Rather than follow this possible route I decided to make a dedicated self designed solution. This consistes of a banjo coupling that fits to the boiler blowdown bush. The banjo coupling has a 3/16″ exit pipe that is routed to the outside of the outer frame and then bent at right angles to the rear to fit about 1/2″ below the floor. To this pipe is connected a self designed valve with its exit pointing downwards. The valve stem points away from the frame and is operated by a square key and is accessible just below the cab floor.
The other blowdown connection on the other side will have the same solution although it does not have the restrictive matter in the way.
The blowdown valve fitted.
The fire door gave me a bit of a problem for two reasons. Firstly the bushes silver soldered to the backhead that take the hinge pin were not vertically aligned which meant making some specially designed hinge pin holders to correct the offset, and secondly the door as designed did not allow for any backhead cladding so was not “thick” enough.
The door was modified to have a 1/8″ thick plate behind an 18 g plate. The 1/8″ thick plate matched the outside size of the firebox door ring and would but up aginst it. The 18g plate being slightly larger theb butted up to the cladding.
The hinge pin supports were machined from brass with a 5 BA threaded portion to screw into the blind bush tapped holes. The there was a 1/8″ wide 3/8″ dia boss to abut the backhead boss and then a 1/4″ square to take the hole for the hinge pin.
With the hinge pin supports temporarily screwed in place they were marked out with a square from the cab floor to get the position of the vertical hinge pin. They were then drilled 3/32″.
The top and bottom hinge pin supports then had to have the 1/4 ” square portion machined to provide an offset to put right the non vertical bosses and allow the hinges to swing.
The hinges were cut from 1/16″ thick MS flat bar and 1/4″ dia. by 3/32″ wide bosses silversolderd to the ends. Thses were then riveted to the forehole door with three 1/16″ RH steel rivets.
In the photo above the door catch has still to be designed and built.
Having considered a few options for the door catch I decided on a simple friction catch. The catch is simply a bent piece of brass strip having a U turn at one end which is riveted to the door. The U turn rubs against the fixed block on the backhead sufficiently to keep the door closed but not so hard as to prevent a light tug on the loop to open the door. I have this method on my Maid of Kent loco and it has withstood the test of time well.
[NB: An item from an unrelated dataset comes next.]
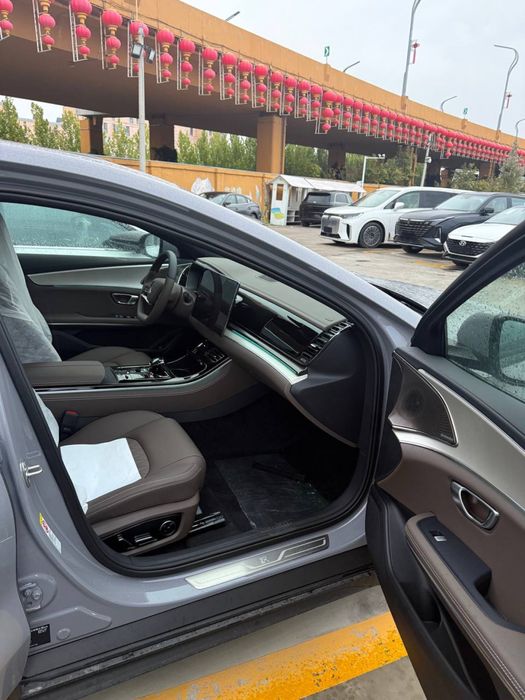 BYD Han 2025 года 701km smart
Finished fire door and catch
There are two water gauges in the cab mounted either side of the regulator rod.
The gauges are drawn without isolating cocks other than for the blow down valve which is part of the lower gauge glass connection to the boiler.
The gauge glasses will have to be custom built as they need to stand away from the backhead to clear the regulator shaft in a similar fashion that the feedwater clacks do. The as drawn dimensions do not give sufficient clearance (in my view) so my gauge glass bodies will be slightly longer. Also the left hand lower gauge glass body hex part may well foul the regulator rod bracket, it seems very close.
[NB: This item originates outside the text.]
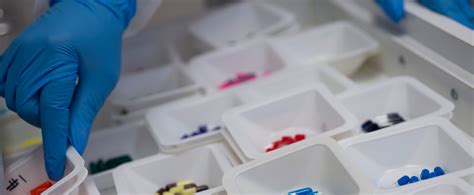 Medicine Chest 的图像结果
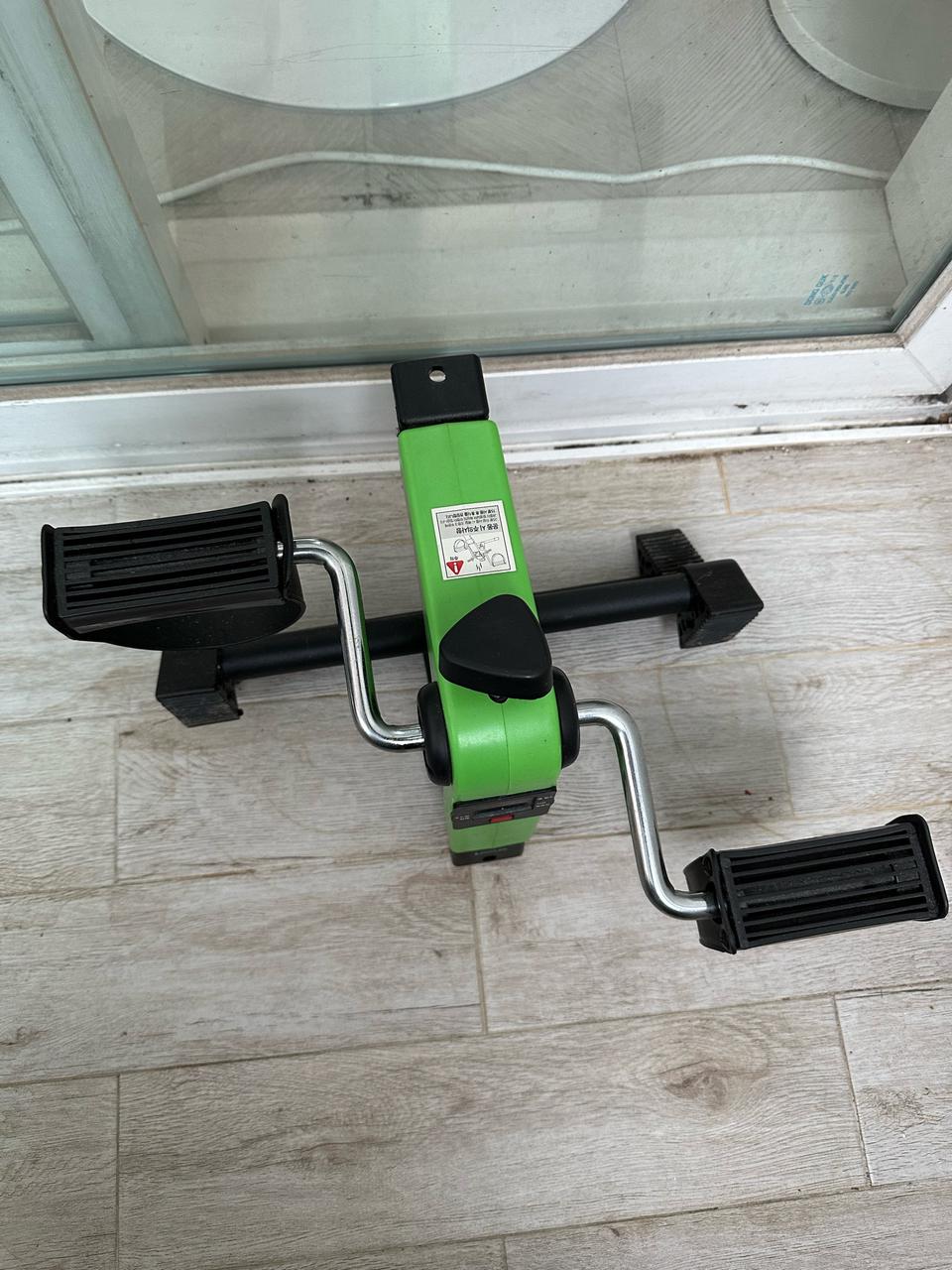 이고진 접이식 실내자전거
The gauge glass that I have is nominally 6mm diameter red lined. As drawn it is 1/4″ so again some minor mods to accomodate the small difference.
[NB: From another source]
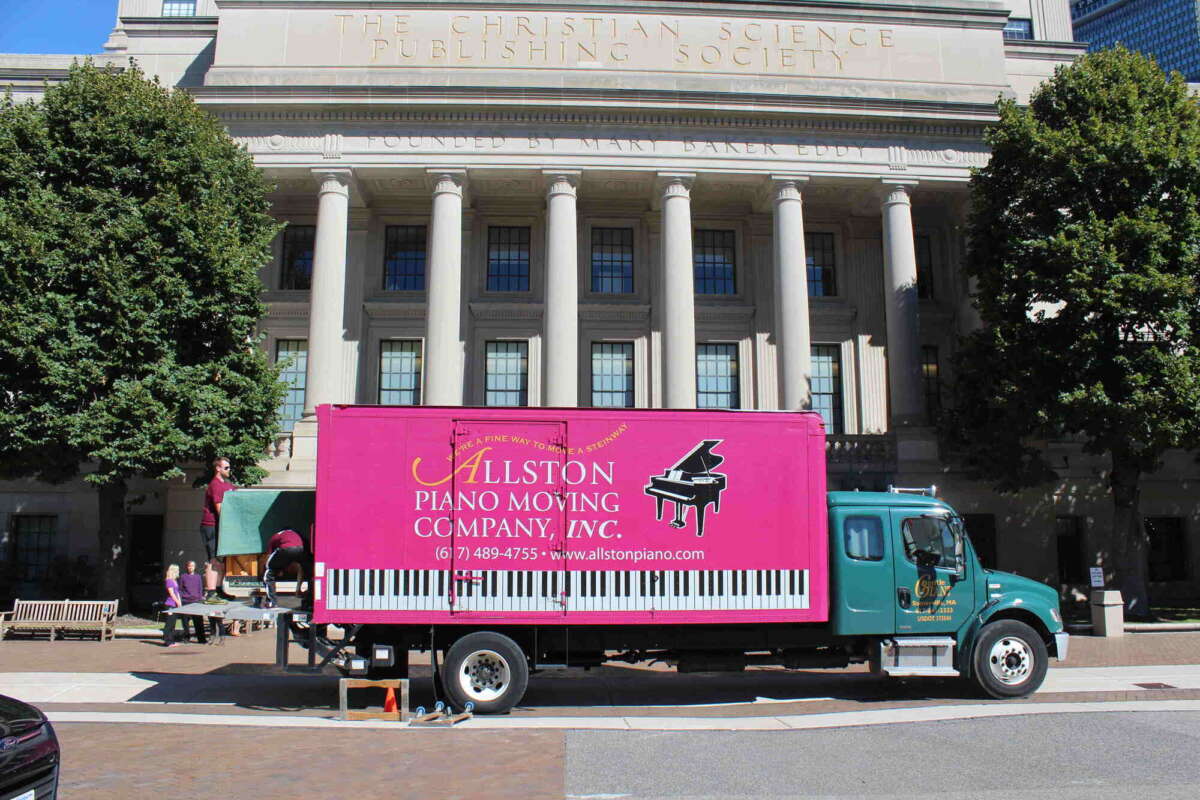 How Much Do Piano Movers Cost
Another difference I chose to make was to make the blow down valve captive. I did not like the idea of the non captive valve as designed as an inadvertant opening too far would put a jet of hot steam/water straight into the drivers face.
There are many pieces to the gauge glasses and with two to make that takes a bit of time on the lathe.
The components that screw into the backhead are from bronze and the rest are brass.
With the top and bottom comp[onents silver soldered together they could be screwed into the back head to scheck the length of gauge glass needed. I cut the gauge glass by initially grooving with a triangular needle file and this then tends for the glass to snap more or less cleanly. To get square ends I use a diamond flat file with water lubricant and this removes glass quite well without it splintering at the edges as long as the file is not too coarse. To seal the glass I use an O ring which compresses nicely by screwing down the retaining nut. A lick of high temperature paint after an etch primer to the components and they are ready to be fitted in place.
The fitted gauge glasses
The steam turret block comes as a rough casting so the intial work is to clean it up to get square sides. Once this was done the block could be mounted on the rotary table and the plan shape milled.
The turret block is a banjo fitting to the boiler hence the shape as shown above.
There a number of angles to be machined on the block most are dimensioned but a couple were left to me to use a bit of trigonometry to work them out. Fortunately I have a set of angle templates that enable me to set any angle between 0 -90 degrees.
Angle templates and parallel and part finished machined block
Machining the angles involved numerous set ups in the mill vice.
Drilling a 6 degree angle using two angle templates
Also drilling the core bore needed the angle templates.
The top and bottom, as seen in the picture, also has to be counter boared parallel with the face to accept a threaded nipple to attach steam feeds to the blower and steam brake respectively.
The remaining holes needed are for the isolating valves for the steam to injectors and the whistle.
Drilling and tapping the 3/8 x 40 holes for isolating valves
The isolating valves for the steam injectors are drawn as having the bodies silver soldered into the block. I was not happy with that arrangement as should there be a leaky valve the whole block would have to come off to service it, which would involve removing the cab. So I chose to have my valve bodies a screw fit.
Also the as drawn valve bodies are too short as the output nipple would foul the backhead cladding. I suspect it would be too close to the backhead without the cladding too. So the body has to be lengthened. However on second thoughts I wondered if the valve could be positioned so the pipe ran away at about 45 degrees. This might be a better solution as it would make the pipework on the backhead neater.
The finished turret block and banjo nut.
The banjo nut on the turret block is drawn with an exit hole at the position of the turret block entry. This was not a satisfactory arrangement in my view as it was not possible to always ensure when the banjo nut was tightened down the holes would align. So I chose to put a grove around the banjo nut so it was not important where the nut finally tightened down and allows for any type/thickness of washer to be used.
Pressure gauge fitted
The finished turret block has the two injector steam valves fitted and the whistle valve. The injector steam valves are commercil ly bought items.
The fitted turret block
Turret block in place
The whilstle valve is not as drawn but a bespoke item to a design published in the Model Engineer many moons ago. I have built and used one before and it is definitly a reliable valve, doesn’t stick and operates esily.
I had to modify the design so as to clear the regulator valve rod and give room for the exit pipework which makes the overall length of the valve longer.
I also had to make the handle a pull version rather than a push version as the valve sits up close to the cab roof and there is no room for the handle. This modification also allows me to use a chain pull in the cab.
The basis of the valve is an O ring seal at the steam entry with the valve spindle having an internal spring to keep it closed at low steam pressures. The valve spring is stainless steel 3/16″ in diameter and approx. an inch long. There is also and O ring seal around the valve stem held in place by the handle mechanism when it is screwed into the body.
The handle has a No. 60 hole through its extreme end for the attachment of a pull chain.
Drain cock operating lever
The drain cock operating lever is a typical handle which pivots about a pin mounted on the frame. The pin is such that the lever stands out away from the frame by a 3/8″ distance piece in the form of a nut that screws onto the pin . The operating rod from the lever to the drain cocks is mounted roughly midway up the lever and is on a pin which also makes the rod stand out from the lever. All this to ensure the rod clears the cladding as it exits the cab.
The lever is made from 1/8″ mild steel flat and I chose to cut its shape using my little CNC mill.